Je souhaite une fédération européenne indépendante dont l’autorité fédérale serait un Etat fédéral, démocratique, laïc et social et les entités fédérées les Etats nations. Je rejette l’institution d’un Etat unitaire européen, à fortiori un Etat régionaliste.
Voilà qu’on nous sert une conte de fée manichéen : Il y aurait d’un côté des gentils eurocrates qui essayent de démocratiser l’UE et de l’autre des méchants mandataires nationaux qui les en empêchent. Et le tout servi avec une pincée de gallophobie, histoire de faire croire aux lecteurs que le gouvernement français est le principal opposant à la démocratisation de l’UE.
En tant que fédéraliste, j’ai été confronté à une réalité bien différente :
– Des militants européistes qui n’ont d’autres arguments que de traiter leurs opposants de demeurés/illétrés/xénophobes/fascistes.
– Des militants européistes qui taxent mes aspirations fédéralistes de ringuardes.
– Des fonctionnaires européens qui critiquent ouvertement la démocratie (et non uniquement les référendums) parce que tout rejet de leurs propositions ne peut être qu’une erreur.
– Une majorité de parlementaires et fonctionnaires européens sans autre projet européen que de vendre leurs services aux lobbies.
Symptomatiquement, l’article critique beaucoup les Etats mais ne parle pas de remplacer le Conseil des ministres par un Sénat élu d’inspiration américaine, d’instituer le référendum d’initiative populaire et procédure de recall, d’élire l’exécutif européen et les membres de la Cour européenne. Pas de réclamation d’un droit d’initiative législative pour les eurodéputés mais une critique de la représentation égalitaire des Etats au sein de la commission qui le monopolise.
Le tort des mandataires nationaux, c’est d’être généralement complices de ce système vicié, ceux-ci étant plus soucieux de rester politiquement correct aux yeux de leur caste que de défendre les intérêts de leurs citoyens. On se rappellera des progrès réalisés par l’UA et l’UNASUR, deux "copies" de l’UE qui sont de plus en plus influentes sur la scène internationale. Dépourvues de fonction publique communautaire, ces deux organisations ont développé une force commune au lieu de s’enliser dans la persécution stérile des Etats membres.
5. Le 28 juillet 2015 à 17:27, par Alexandre Marin En réponse à : Pourquoi les eurosceptiques ne sont pas les pires adversaires des fédéralistes européens
@Lame
Personne n’est pour un Etat unitaire européen qui aura fait disparaître les démocraties nationales, il s’agit de créer un Etat fédéral soumis à la subsidiarité, et une démocratie européenne qui fonctionnerait en parallèle avec les démocraties nationales sans interférer dans les questions de société ou autres politiques pour lesquelles on n’a pas besoin d’Europe.

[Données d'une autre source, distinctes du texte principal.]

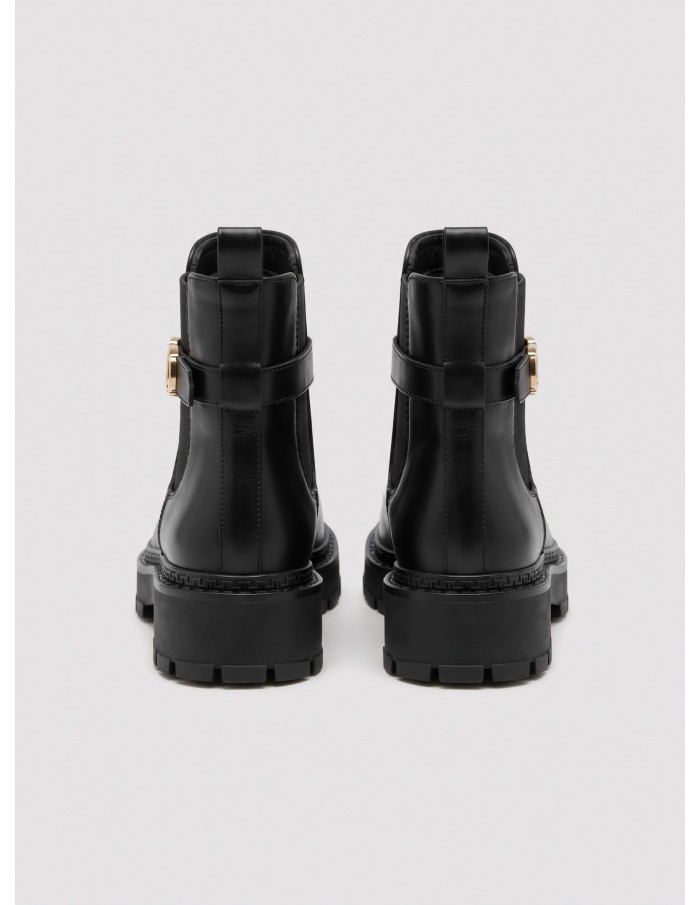 Bottine Chelsea Noire Bijou Doré Femme | Zerda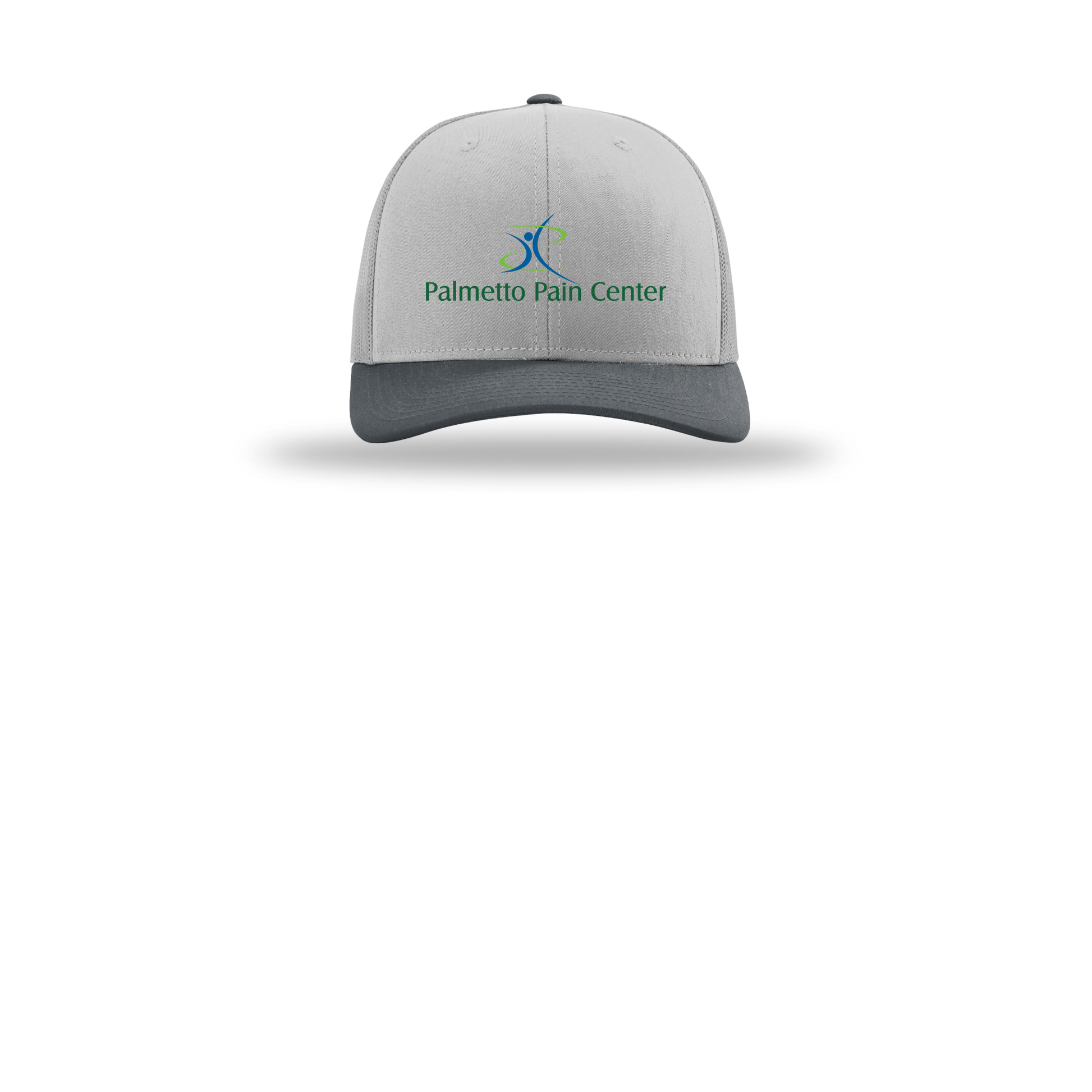 palmetto-pain-center-richardson-trucker-cap-embroidery-capfront-R112-lightgreylightgreygunmetal-flat-front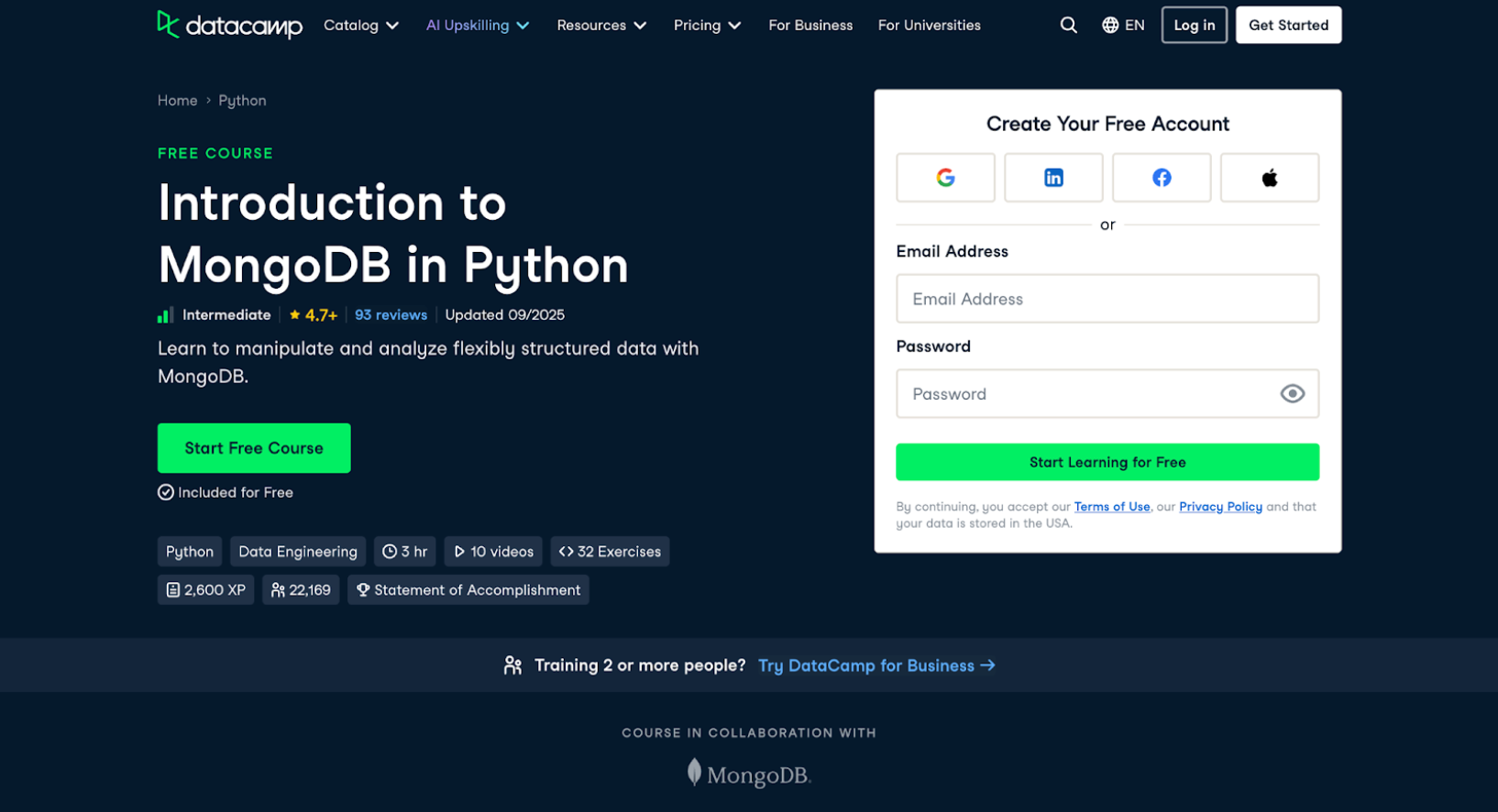 Screen grab of the introduction to MongoDB in Python course in DataCamp.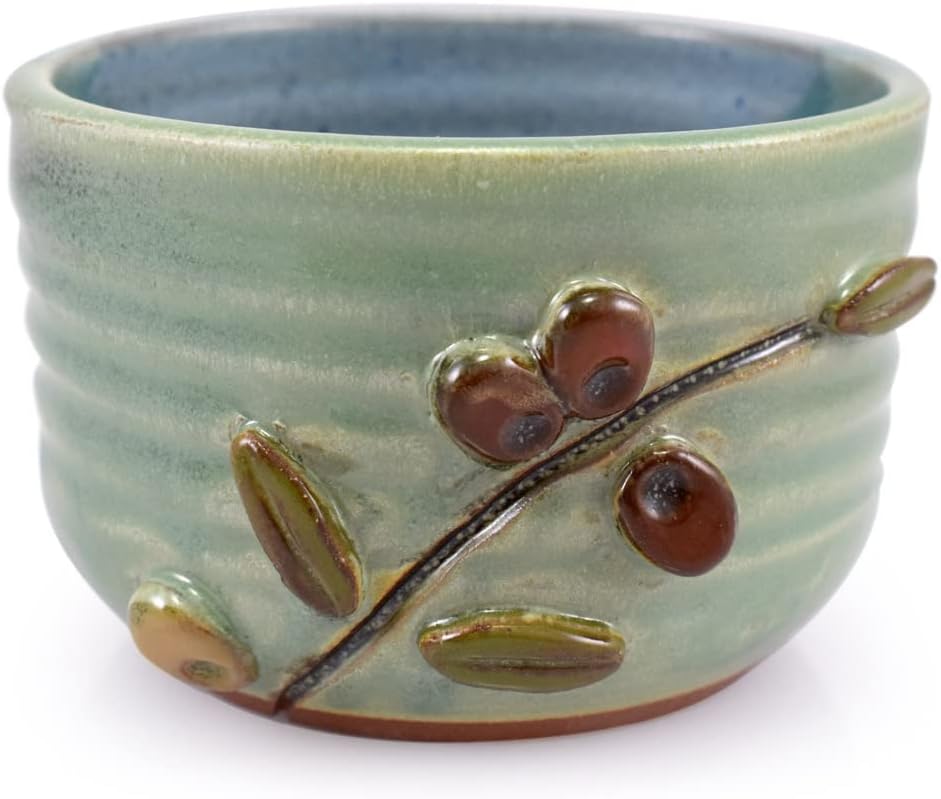 American Made Stoneware Pottery Dip Bowl, Mediterranean Olive Branch Motif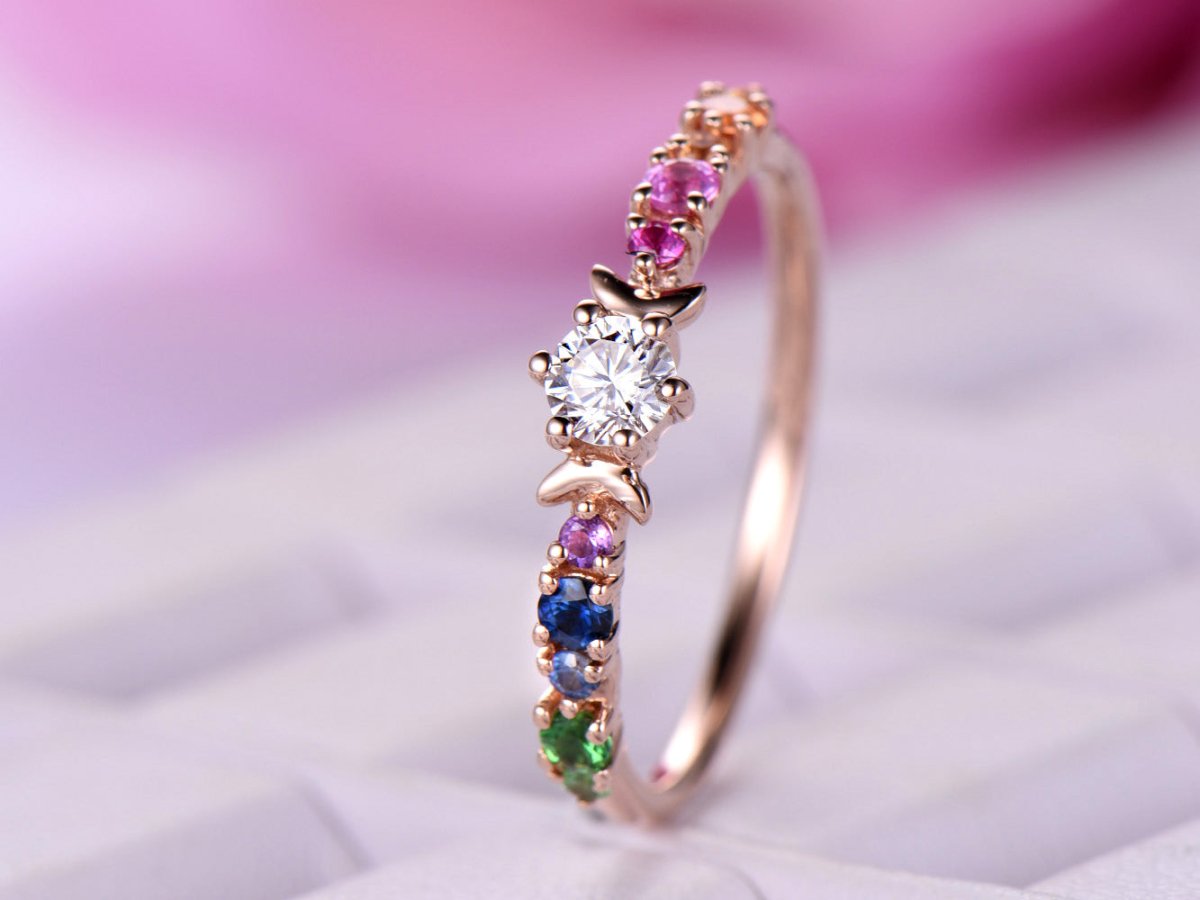 Round Moissanite Engagement Ring Rainbow Birthstones - Lord of Gem Rings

Mais force est de constater que ce sont les Etats qui bloquent tout progrès de la démocratie européenne. L’échelon européen est dominé par l’échelon national qui le paralyse car les chefs d’Etats qui gouvernent l’Europe se préoccupent surtout de considérations nationales car ils ont été élus au niveau national et n’ont qu’une légitimité nationale et aucune légitimité européenne. C’est là que se trouve le problème de démocratie dans l’U.E.
Ce qui explique qu’ils n’aient pas de vision de l’Europe, qu’ils ne pensent qu’à court terme.
Le parlement européen dont les membres sont élus au niveau européen, jouit d’une légitimité démocratique européenne, ce qui permet aux différents groupes politiques qui le composent de nourrir une vision, que l’on approuve ou non.